───── Material for the task ─────

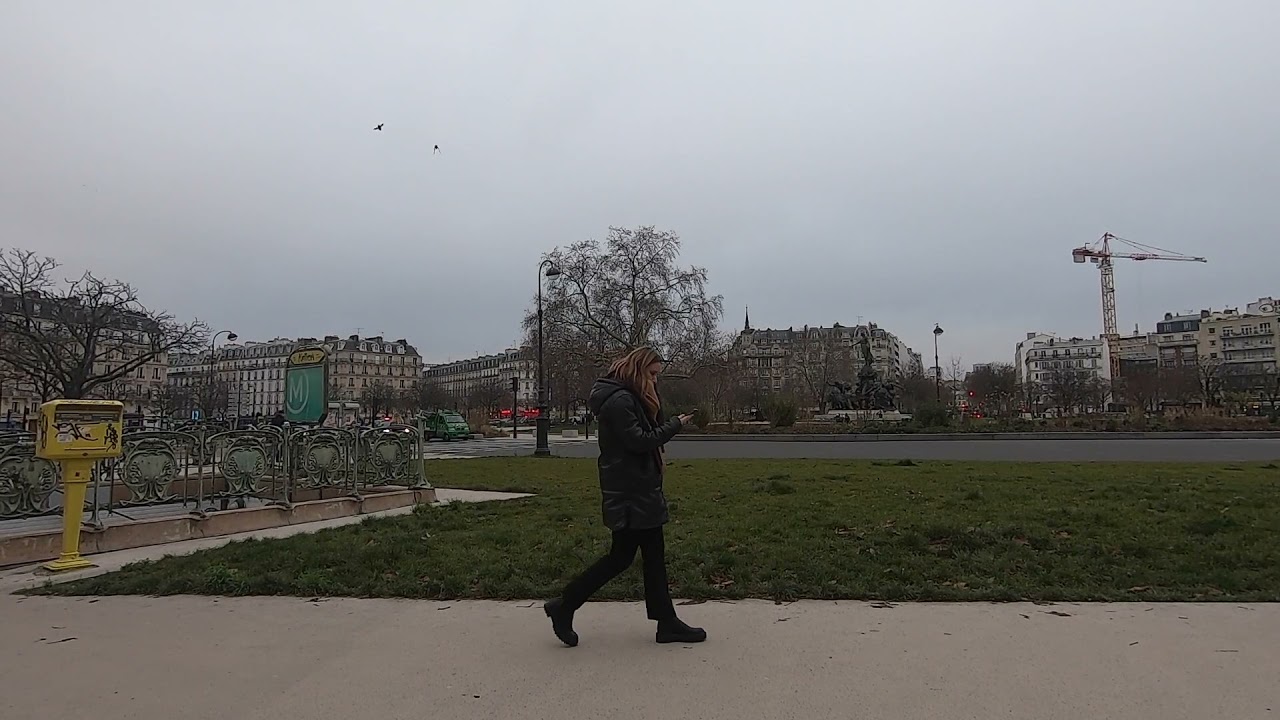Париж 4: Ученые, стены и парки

─────
───── Material for the task ─────

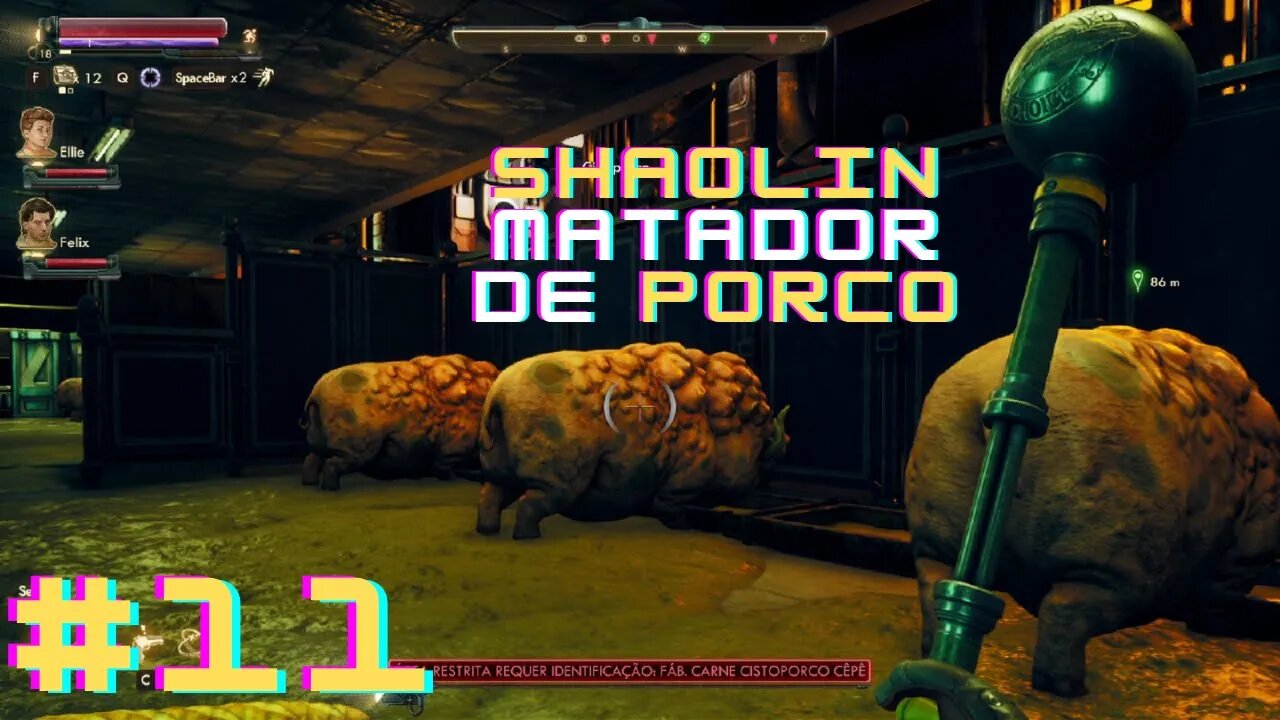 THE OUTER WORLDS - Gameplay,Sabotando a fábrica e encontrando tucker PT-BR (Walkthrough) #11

─────
───── Material for the task ─────

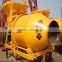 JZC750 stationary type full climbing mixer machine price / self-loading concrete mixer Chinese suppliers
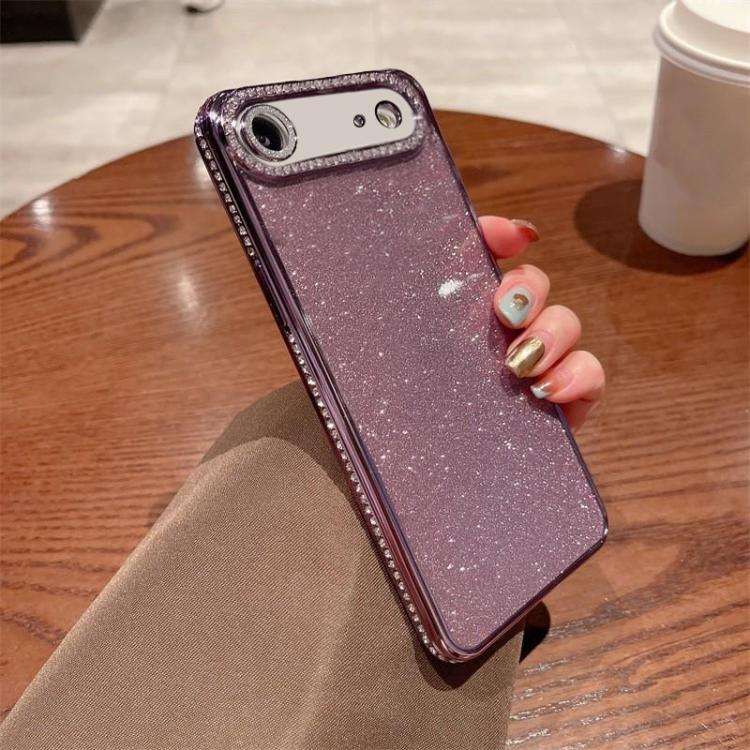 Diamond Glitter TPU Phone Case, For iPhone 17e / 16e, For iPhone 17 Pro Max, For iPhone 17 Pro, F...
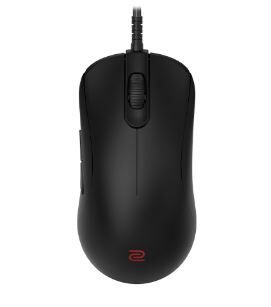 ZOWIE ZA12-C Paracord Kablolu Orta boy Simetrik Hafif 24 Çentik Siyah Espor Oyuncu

─────

Directions for this task | Working from the entries above, reproduce exactly and only the lines beginning with the line that has "Diamond Glitter TPU" and ending with the line that has "ZOWIE ZA12-C Paracord"; omit all pictures.

Written response |
 Diamond Glitter TPU Phone Case, For iPhone 17e / 16e, For iPhone 17 Pro Max, For iPhone 17 Pro, F...
 ZOWIE ZA12-C Paracord Kablolu Orta boy Simetrik Hafif 24 Çentik Siyah Espor Oyuncu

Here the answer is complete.